Mais, dans cette famille qui compte cinq soeurs, il y a eu aussi le moment où les aînées sont parties et où un calme inédit s’est abattu sur la maison. « J’ai découvert l’ennui, dit-elle simplement. J’ai testé le piano et ça été une révélation pour moi : le temps passait alors à une vitesse absolue. » Il y a aussi eu le lycée Aristide Briand et sa section musique, et puis la ville. « Mon côté rêveur a été très alimenté par cette ville. Saint-Nazaire est une ville où l’ennui règne, où il n’y a pas mille concerts par jour, et en même temps, on y trouve l’espace, la liberté, la plage, un côté très poétique dans ce béton vue sur mer. »

Un Zénith dans un an

L’ennui est aujourd’hui bien loin. Soixante-quinze dates de concert sont annoncées cette année. Et il en manque. Un Zénith est programmé dans un an, après un Olympia. « Ça nous excite grave avec les copains. Au Zénith, on va découvrir une autre dimension. Les concerts, c’est ce que je préfère. »

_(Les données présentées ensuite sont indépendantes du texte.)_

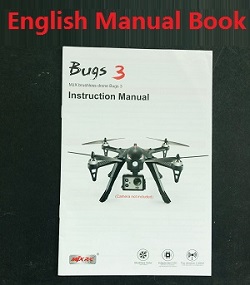 Shcong MJX B3 Bugs 3 RC quadcopter accessories list spare parts English manual book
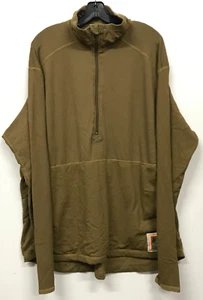 USMC Peckham Polartec FR FROG Coyote Grid Waffle Pullover Halfzip Fleece X Large - Picture 1 of 19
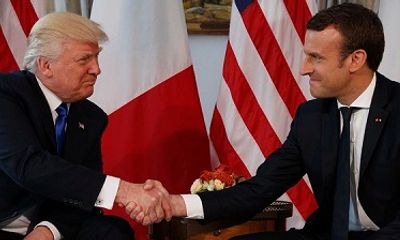 Tổng thống Trump tổ chức quốc yến chiêu đãi ông Macron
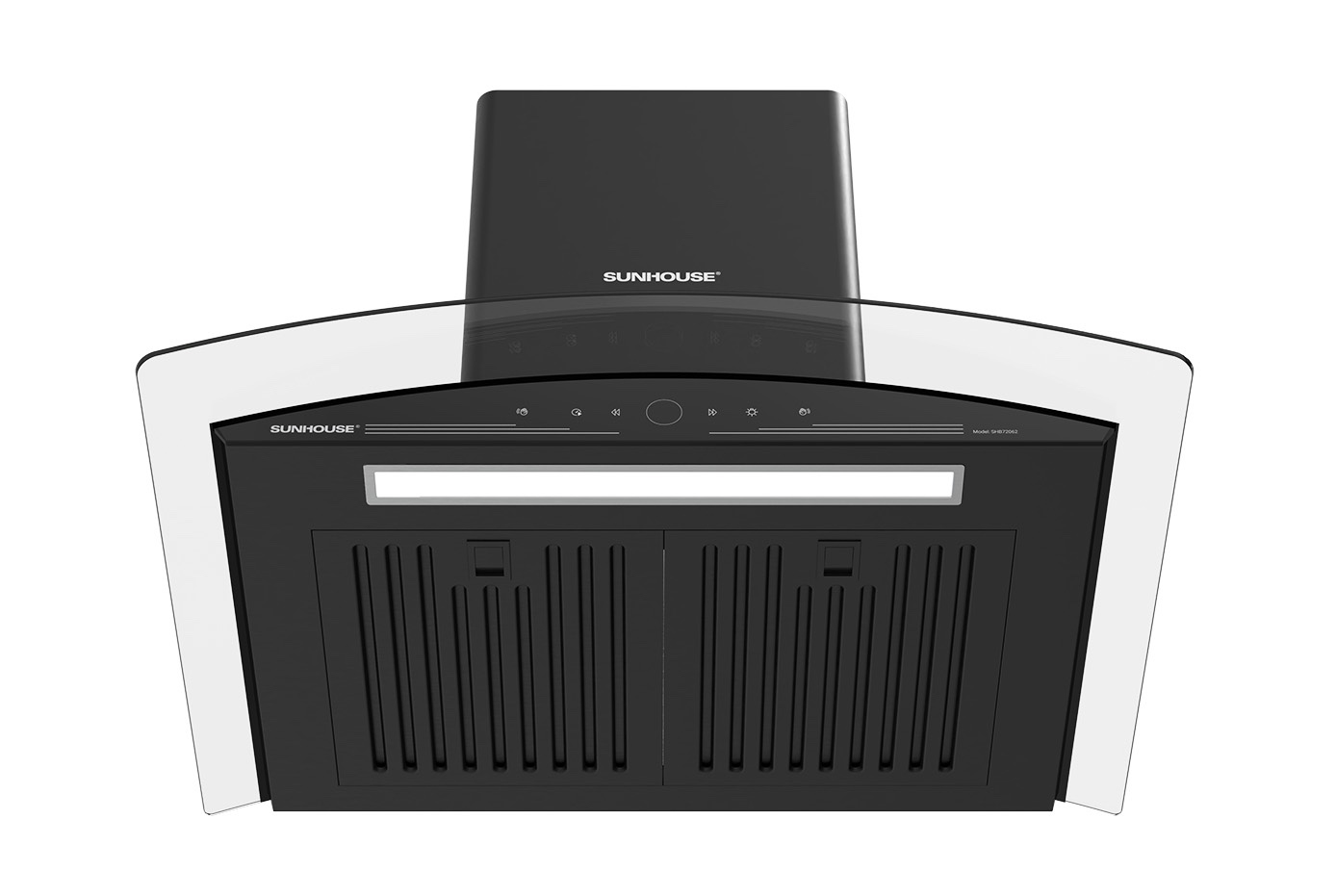 Máy hút mùi kính cong Sunhouse 70cm SHB72062 3 tốc độ 170W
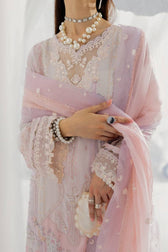 Restocked/Qalamkar Luxe Silk/LK-04 MARLENE/Hand Work
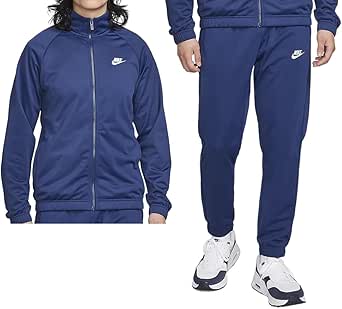 NIKE(ナイキ) 上下 セットアップ ジャージ クラブ ポリニット トラックスーツ ジャケット ロングパンツ AS M NK CLUB PK TRK SUIT FB7352 010(ブラック) 410(ネイビー) ジム 筋トレ トレーニング メンズ 国内正規品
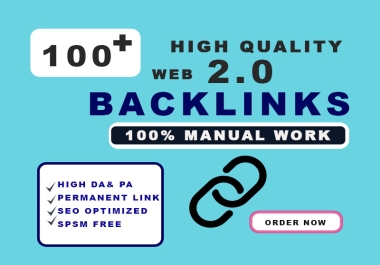 I will create 100 Unique DA & PA backlinks to rank first On Google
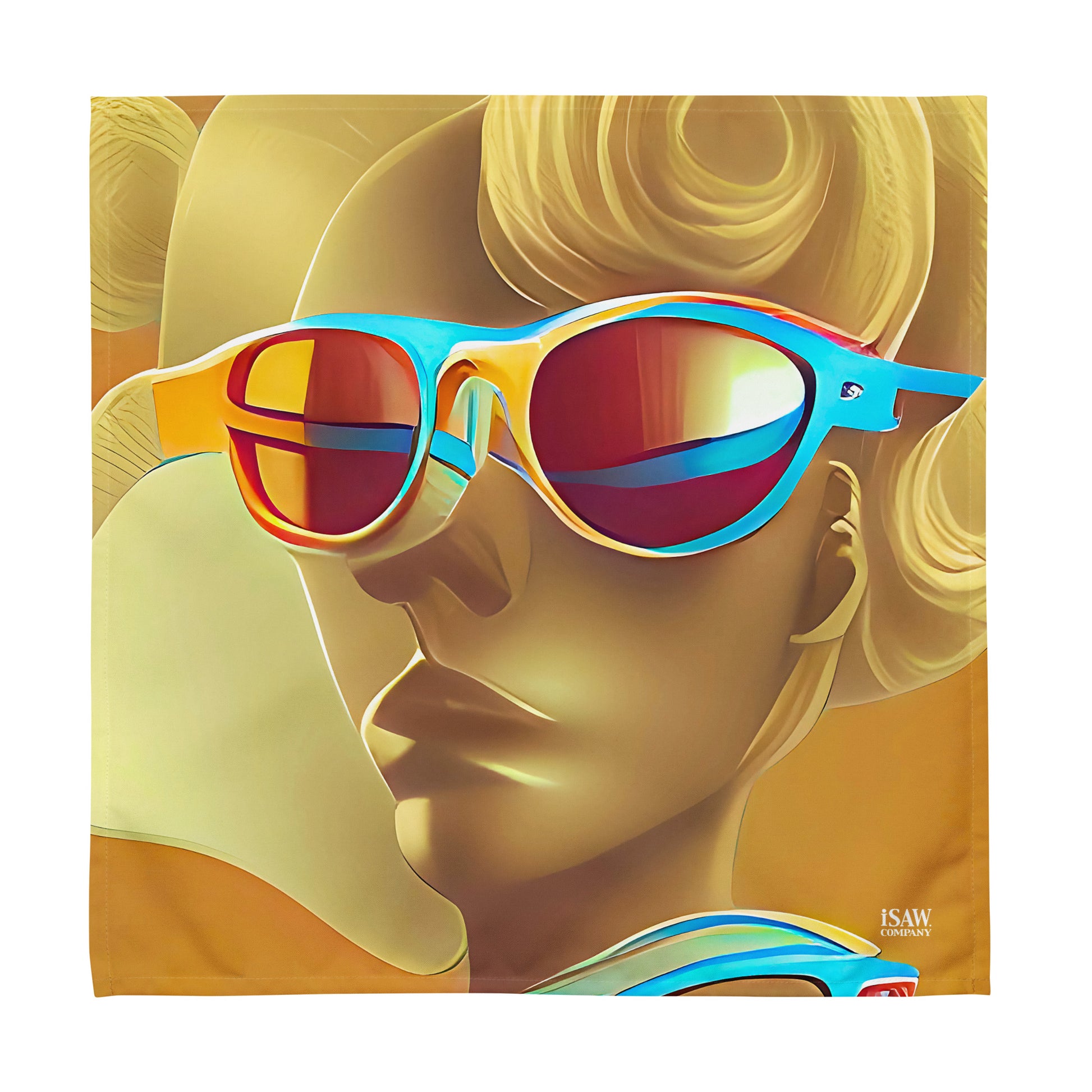 Retro Cool Orange - Cloth Napkin Set - iSAW Company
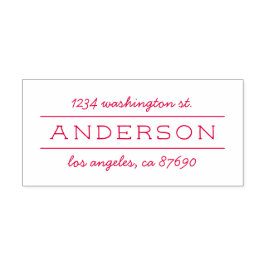 Chic Modern Naam van familie Manuscript Return Adr Zelfinktende Stempel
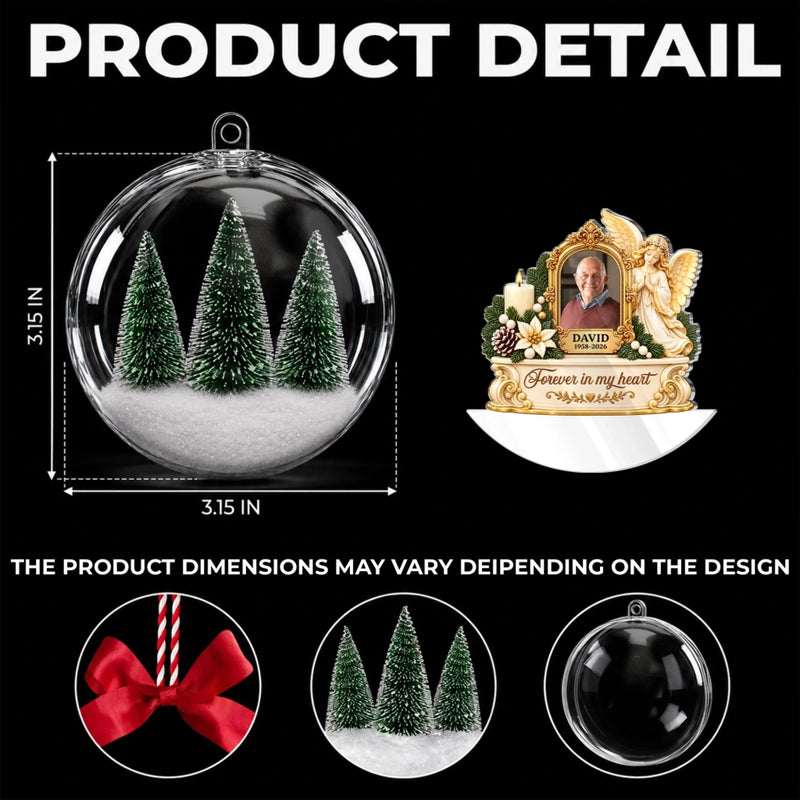 Custom Photo Memorial Christmas Gifts - Personalized 3D Acrylic Ball Ornament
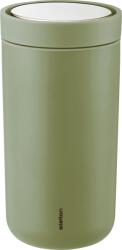 Stelton Cana termică To-Go Click 200 ml verde măsliniu din oțel dublu reciclat (675-51)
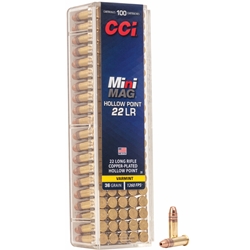 31 CCI MINI-MAG 22LR 1260FPS 36GR LEAD HP 100RD 50BX/CS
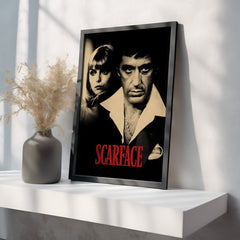 Scarface Movie | Tony Montana & Elvira Vintage Wall Art Print - Print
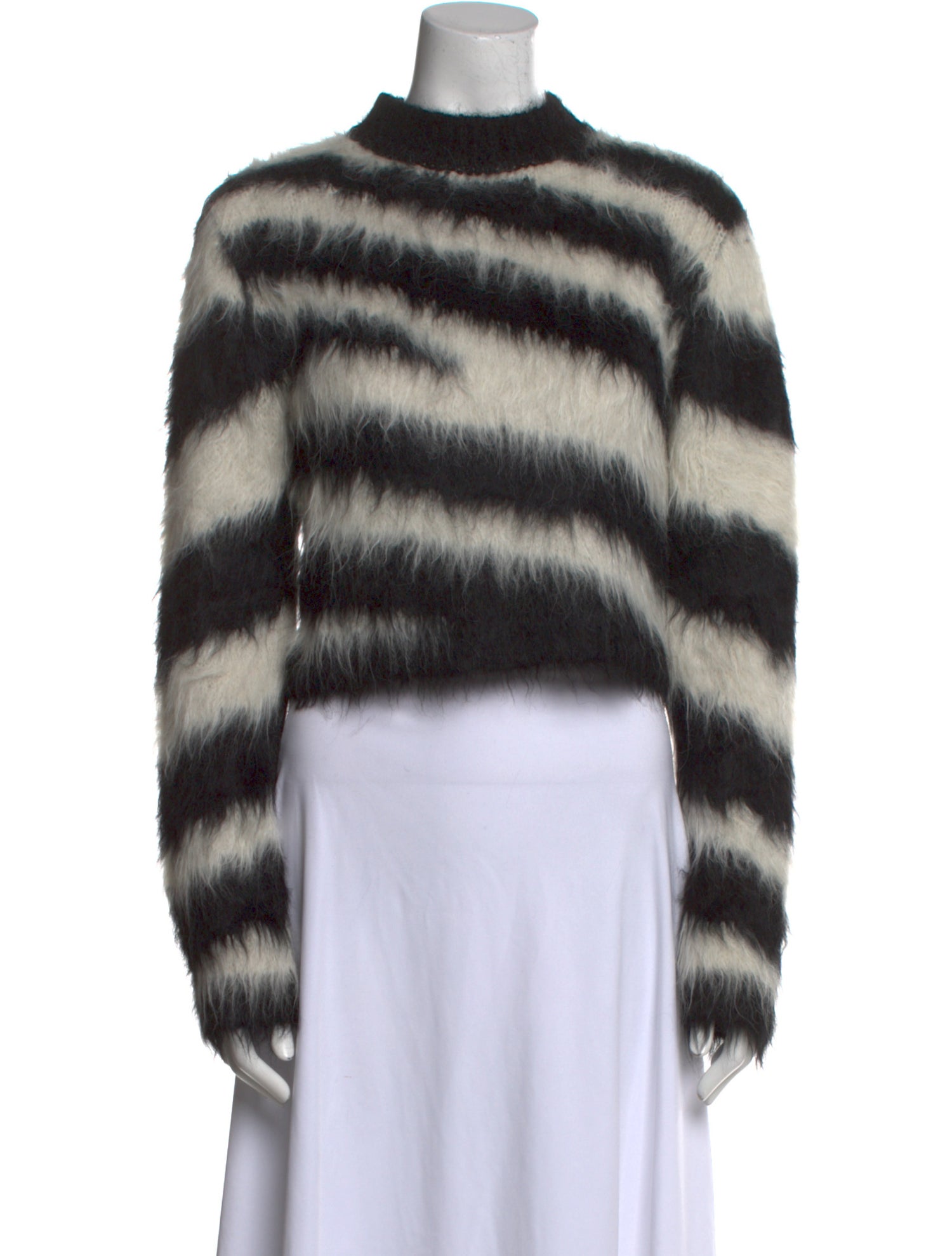 Monse Alpaca Striped Sweater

Sur scène, on la découvre en mode piano-voix. Et puis, elle nous entraîne totalement ailleurs. « Je me souviens de la première fois où j’ai dit que je voulais être au piano, et en même temps faire danser les gens comme dans un club à Berlin. Ce n’est pas évident, mais j’ai toujours cru à cette formule-là : je pense qu’en une heure et demie de concert, un humain peut avoir envie de pleurer et de danser. »

Zaho de Sagazan sera en concert au Festival des Vieilles Charrues de Carhaix le 15 juillet, aux Escales de Saint-Nazaire le 30 juillet, au Zénith de Nantes le 11 mars 2024 et au Zénith de Paris le 13 mars 2024.